START SUPPLIED DATA

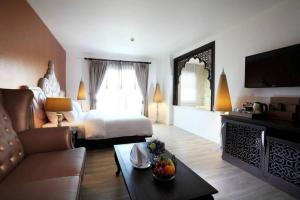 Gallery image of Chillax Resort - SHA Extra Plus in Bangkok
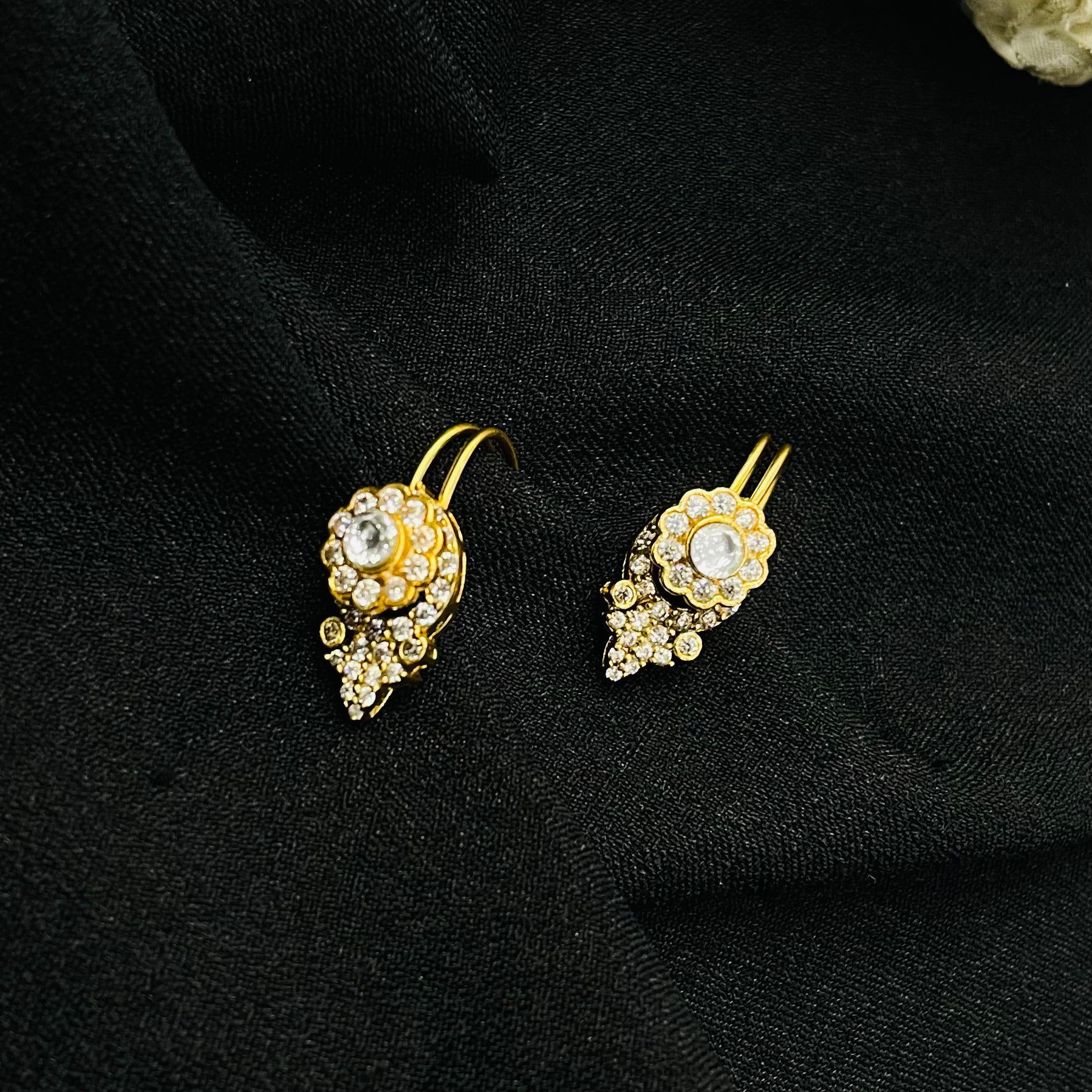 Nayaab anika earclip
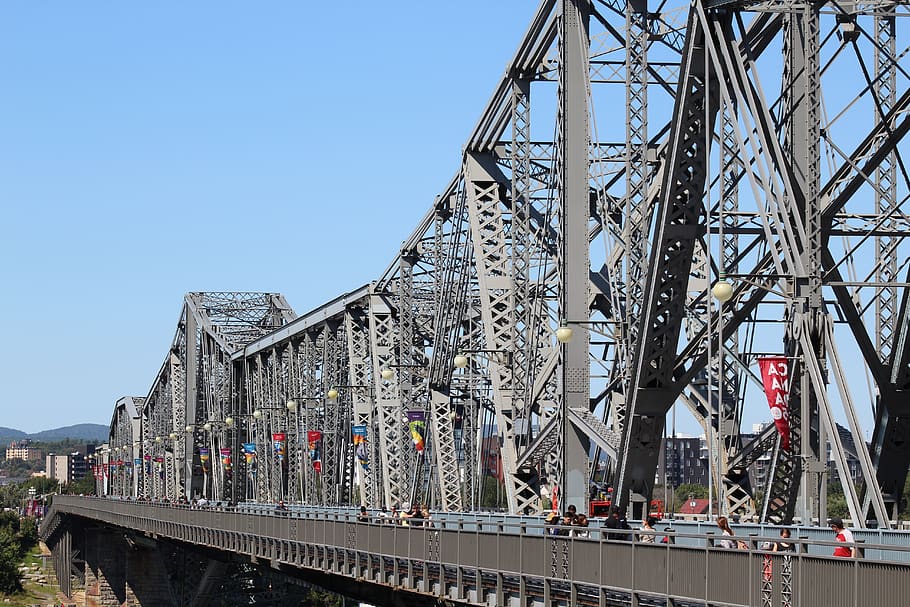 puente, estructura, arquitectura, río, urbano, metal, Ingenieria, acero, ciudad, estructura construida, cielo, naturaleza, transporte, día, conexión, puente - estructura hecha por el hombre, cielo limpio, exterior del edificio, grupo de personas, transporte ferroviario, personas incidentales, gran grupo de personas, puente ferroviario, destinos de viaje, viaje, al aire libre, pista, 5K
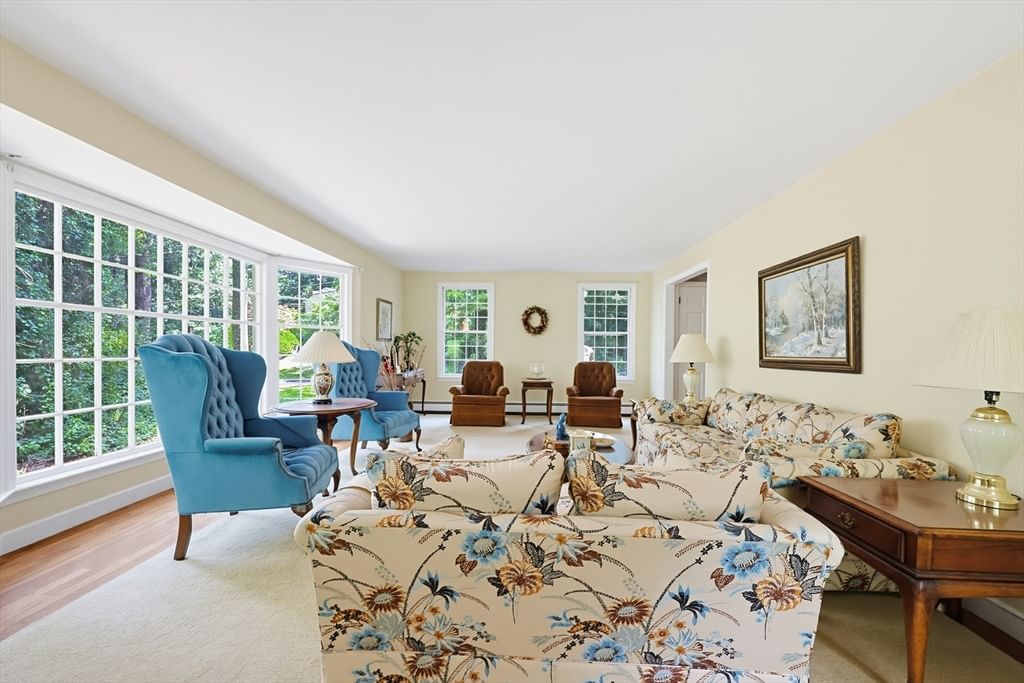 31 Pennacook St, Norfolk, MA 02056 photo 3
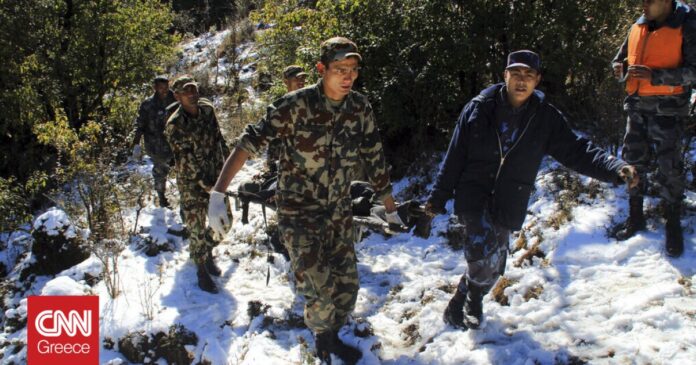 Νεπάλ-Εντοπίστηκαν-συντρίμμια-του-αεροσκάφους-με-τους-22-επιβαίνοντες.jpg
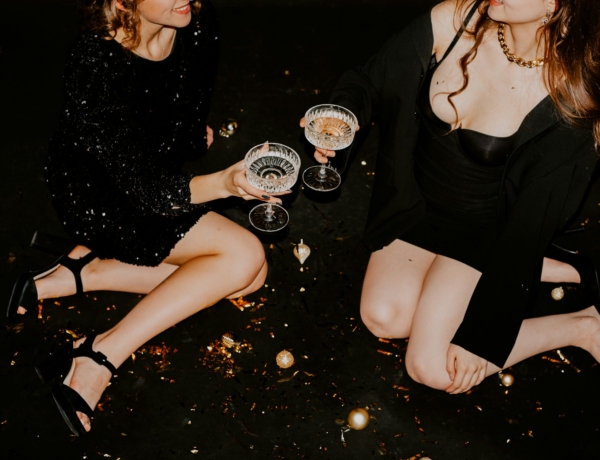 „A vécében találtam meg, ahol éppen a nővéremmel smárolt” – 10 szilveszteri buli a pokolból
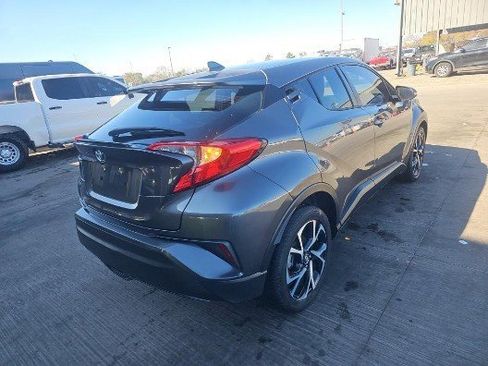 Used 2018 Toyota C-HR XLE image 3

END SUPPLIED DATA
START SUPPLIED DATA

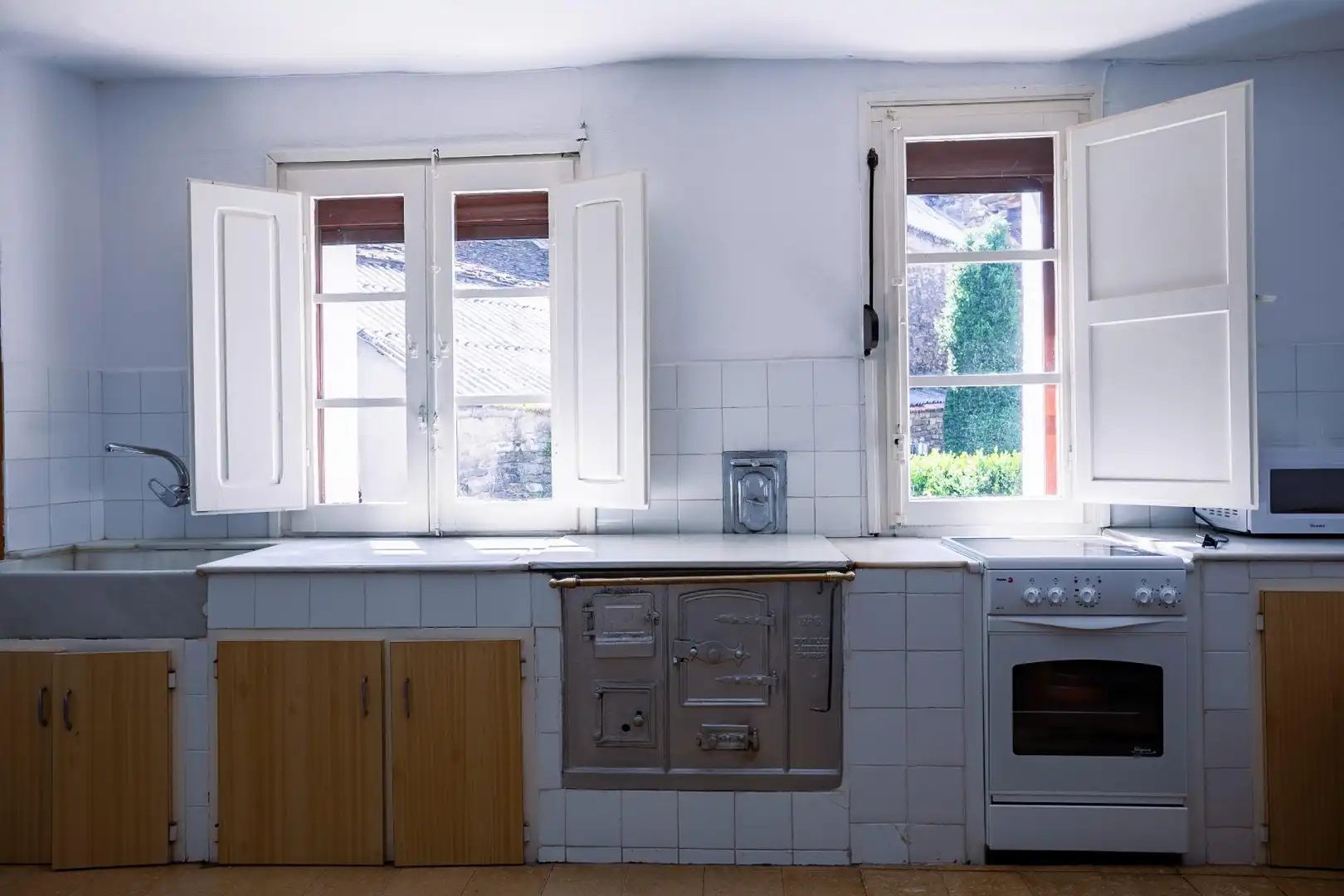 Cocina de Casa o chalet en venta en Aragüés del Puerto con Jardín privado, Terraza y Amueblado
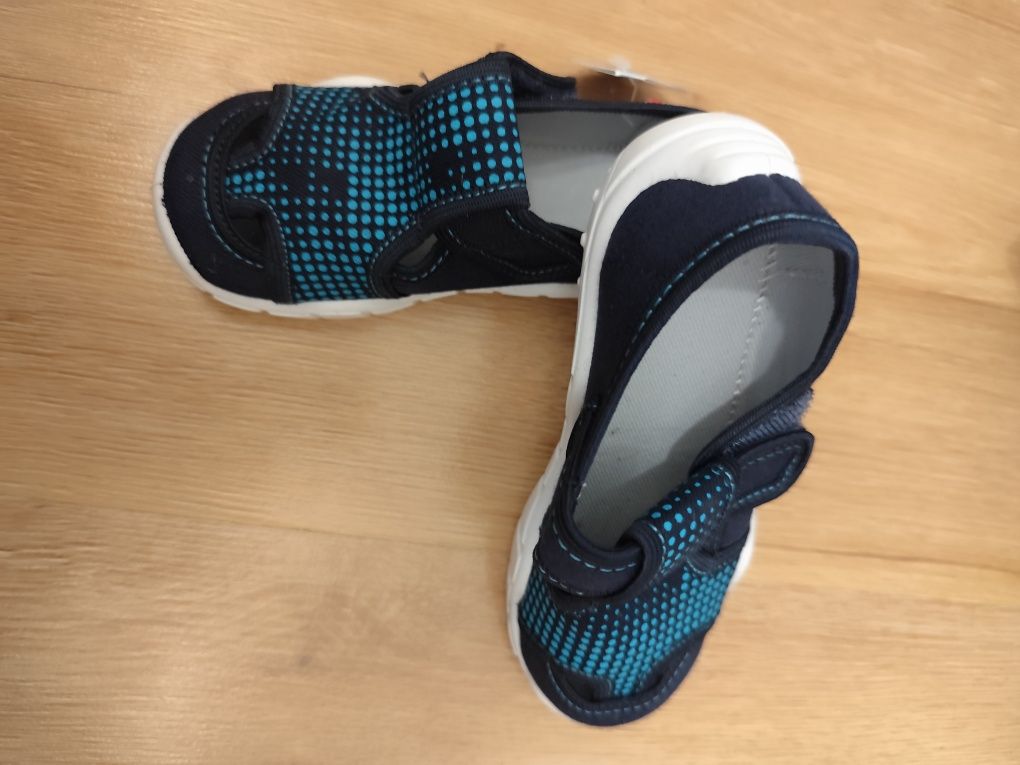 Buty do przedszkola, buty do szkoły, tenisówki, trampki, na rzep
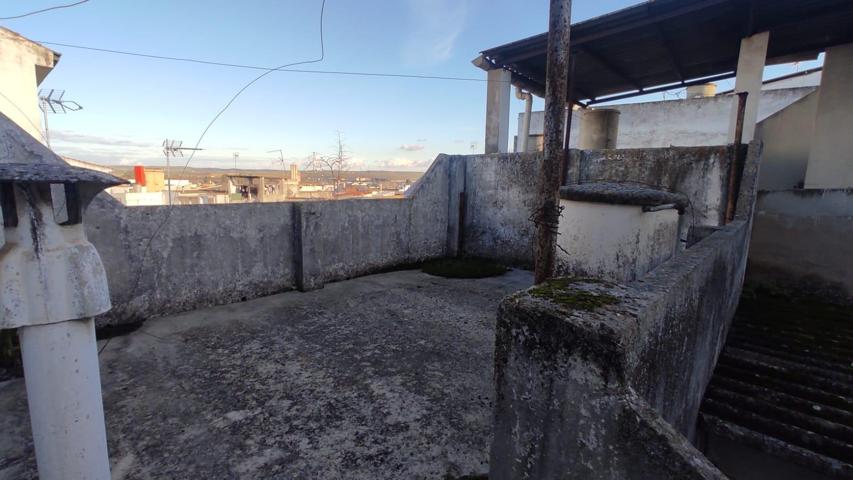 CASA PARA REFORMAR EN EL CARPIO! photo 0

END SUPPLIED DATA
START SUPPLIED DATA

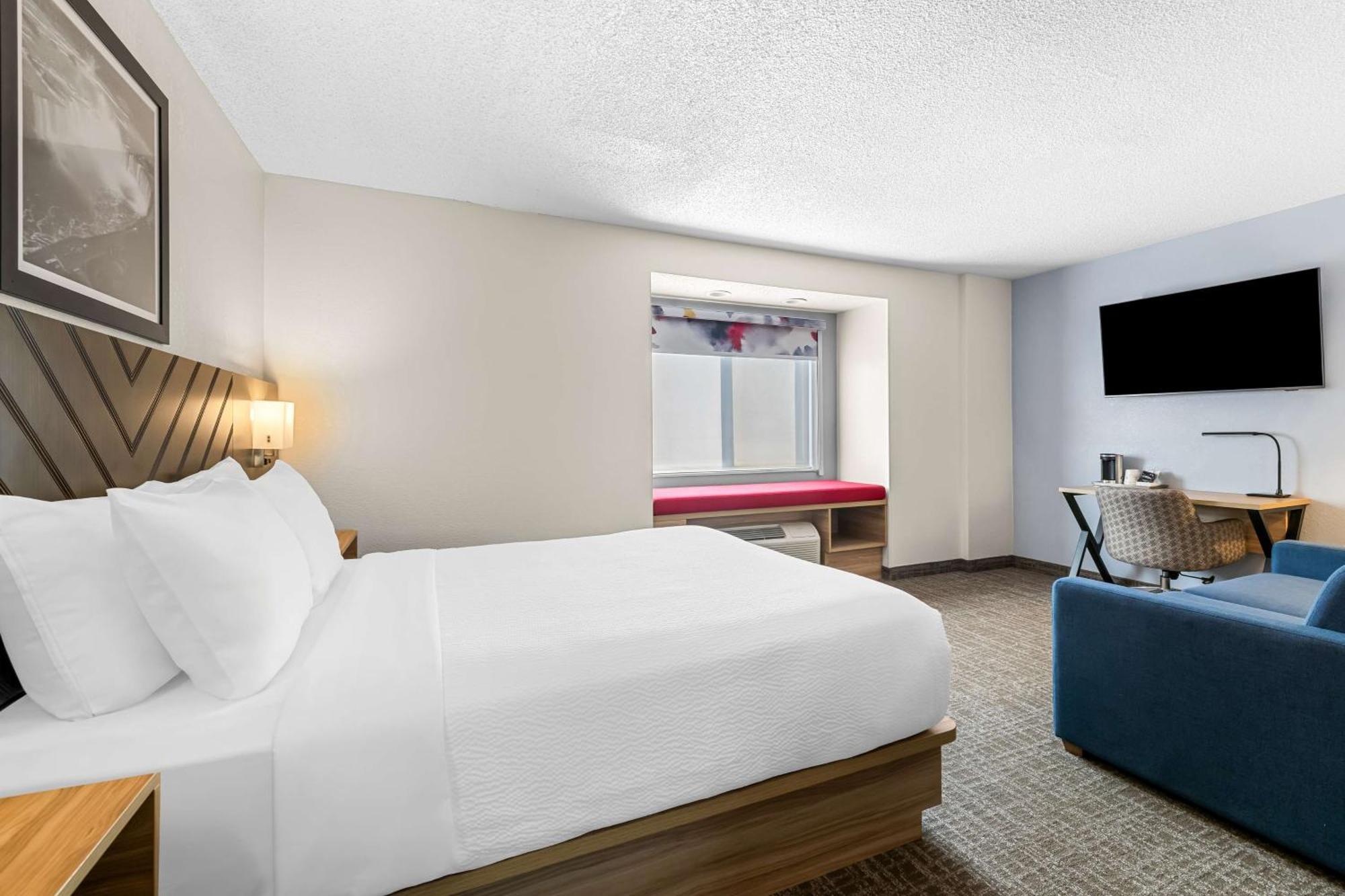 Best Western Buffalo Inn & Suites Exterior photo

END SUPPLIED DATA

■ TRY IT
Would you write out exactly the lines above, starting at the line containing "buli a pokolból" and stopping after the line containing "Used 2018 Toyota C-HR XLE image 3"? Omit the pictures.

■ SOLVED EXERCISE
 „A vécében találtam meg, ahol éppen a nővéremmel smárolt” – 10 szilveszteri buli a pokolból
 Used 2018 Toyota C-HR XLE image 3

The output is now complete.